National Guard helping with bag checks at NYC subway stations
National Guard helping with bag checks at NYC subway stations 02:50

NEW YORK -- Following a series of violent incidents in the New York City subway system, Gov. Kathy Hochul announced a new five-point safety plan that includes bringing in hundreds of National Guard troops and adding new security cameras. 

Hochul announced that a combined 1,000 personnel — including 750 National Guard troops, along with MTA Police — would be deployed in the subway system to help the NYPD conduct bag checks in an effort to keep weapons off trains.  

"Let me just be very, very clear.
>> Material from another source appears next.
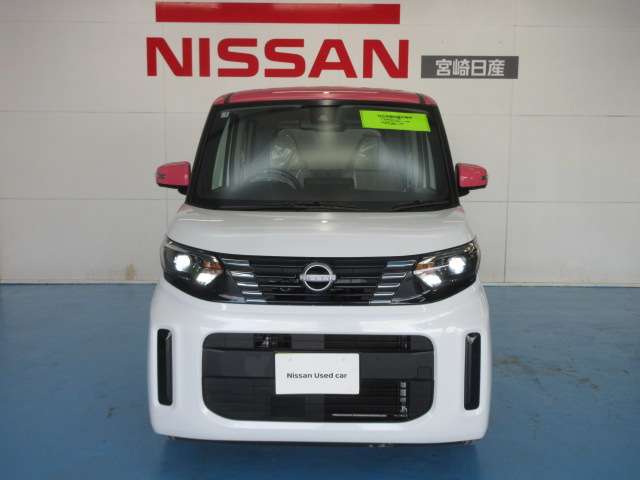 日産 ルークス ６６０ Ｘ R7年 (九州・沖縄) 99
These brazen, heinous attacks on our subway system will not be tolerated," Hochul said Wednesday.

This followed Mayor Eric Adams' announcement Tuesday to add more police officers and re-institute bag checks

"I know how it plays on your psyche when you hear about some random acts of violence and that's why we must be proactive," Adams told CBS New York in an interview earlier Wednesday ahead of Hochul's announcement.  

The governor and mayor both argued the new safety plan will protect both passengers and transit workers. However, within an hour of the its announcement, another subway conductor was attacked. The conductor was struck on the head with a bottle at the East 170th/Jerome Avenue station in the Bronx, the NYPD said.
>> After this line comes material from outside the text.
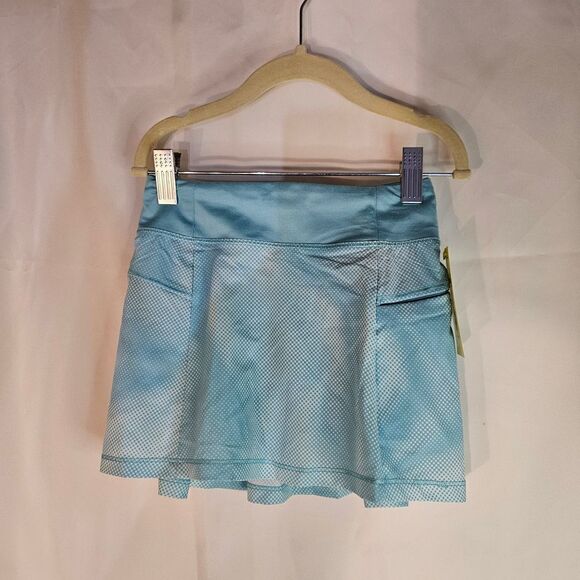 All motion Girls Stretch Skorts‎ size xs (4/5) - Picture 1 of 7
Adams speaks ahead of announcement

Mayor Eric Adams speaks with CBS New York about subway bag searches 07:50

In Wednesday's interview with CBS New York, both the mayor, who was noticeably absent during the governor's announcement, and NYPD Transit Chief Michael Kemper, defended the bag checks as an important safety tool.

"We are instituting random bag checks," Adams said. "They are random. They are not profiling. They are random."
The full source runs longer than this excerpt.